---- SOURCE MATERIAL

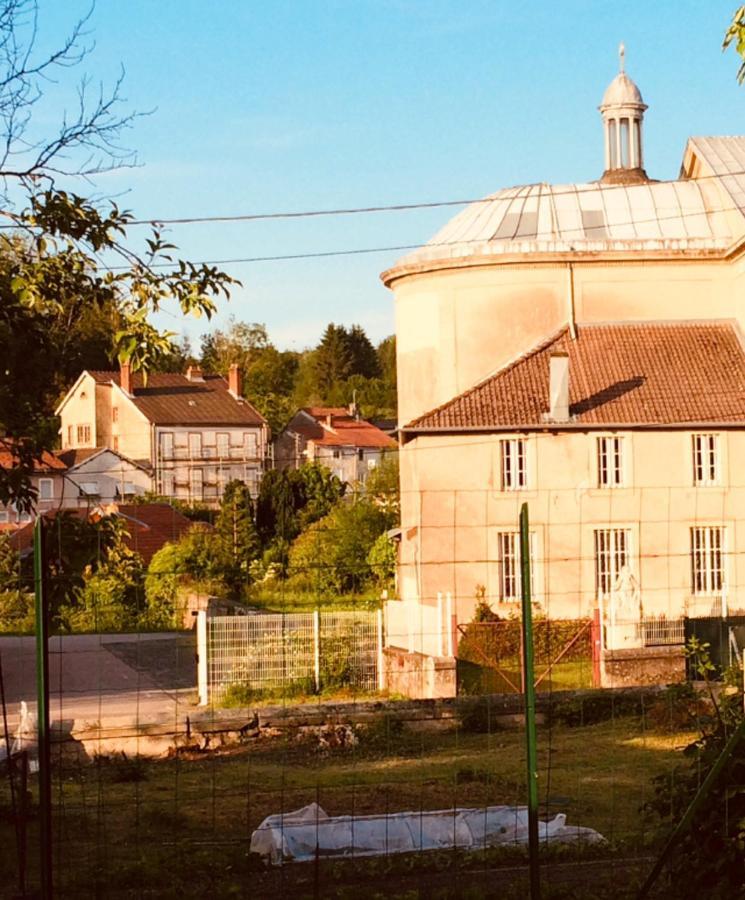 Maison Spacieuse Et Accueillante A Cirey-Sur-Vezouze + Jardin Ngoại thất bức ảnh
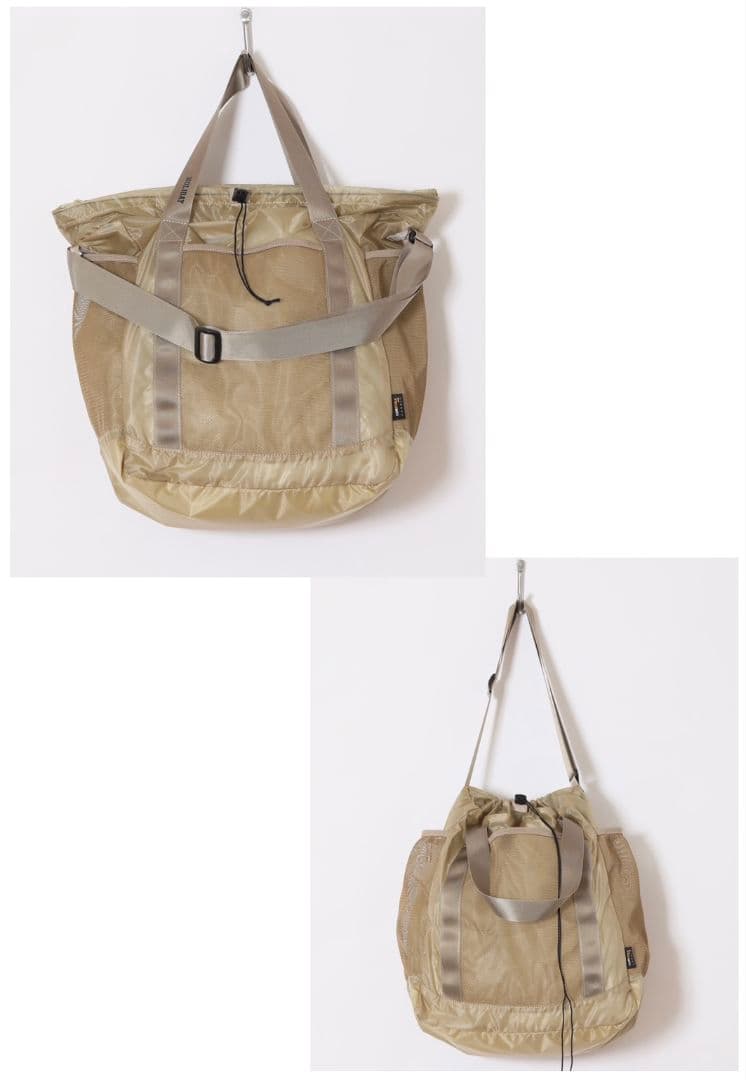 HOLIDAY／HOLIDAY PACKABLE STRAP TOTE BAG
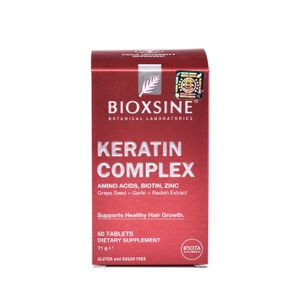 Bioxsine Keratin Komplex Tabletten 60 St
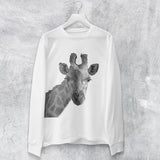 Plotterdatei GIRAFFE SONDERVERSION D2D LINEART Laser - Sewando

--------

- _DESCRIPTION OF THE TASK_: Copy all of the data above exactly. Leave out every picture.

- _TASK RESULT_:
 Maison Spacieuse Et Accueillante A Cirey-Sur-Vezouze + Jardin Ngoại thất bức ảnh
 HOLIDAY／HOLIDAY PACKABLE STRAP TOTE BAG
 Bioxsine Keratin Komplex Tabletten 60 St
 Plotterdatei GIRAFFE SONDERVERSION D2D LINEART Laser - Sewando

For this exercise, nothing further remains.